Ffynnon Cybi Bach, lies in the shadow of Garn Boduan, to the left of the A497 as you leave Nefyn towards Pwllheli. The recently inaugurated long distance footpath Llwybr y Morwyr – the Sailor’s Path from Nefyn to Pwllheli passes within feet of it without hardly noticing; they only concession to its existence being the new little bridge added to help walkers cross the water flowing from the spring down towards the stream below.
The spring rises (as they often unfortunately seem to do) in a clump of brambles and thorn bushes, beside a field boundary to the west of the path. A couple of large stones stick out of the mud beside it – whether they a the remnants of any more notable structure, or whether they are just randomly lying there or have fallen in from a wall there is no way of telling. There is also the remains of an old bucket, but that is by the by.
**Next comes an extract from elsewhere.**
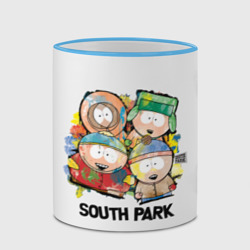 Кружка с полной запечаткой South Park - Южный Парк краски - фото 2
There is no immediate local attachment to St Cybi in the area and there are no surviving traditions attached to the well. The name is clearly of some antiquity; the tithe maps of the 1840s identify the name of the field in which the well lies as Cae Ffynnon Cybi. Although this begs the question of when the “Bach” was added to the name, Ffynnon Cybi Bach is how it is recorded in the Historic Environment Record. The well is about 8 miles to the west of the more illustrious Ffynnon Gybi at Llangybi. The suggestion is that the name is a remnant of the pilgrimage route along the north coast of the Llyn Peninsula towards Bardsey with which so many of the wells on this coast claim an association. Cybi’s name is certainly associated further west along the route with rocks in the sea by Aberdaron and off the coast of Bardsey itself having the name Carreg Gybi.
To be fair, Ffynnon Cybi Bach is potentially in a much better state then many wells, with a bit of trimming back the vegetation it would be a decent spring, in a prime location beside this brand new path. Just a shame that it is so totally lacking in any historic record.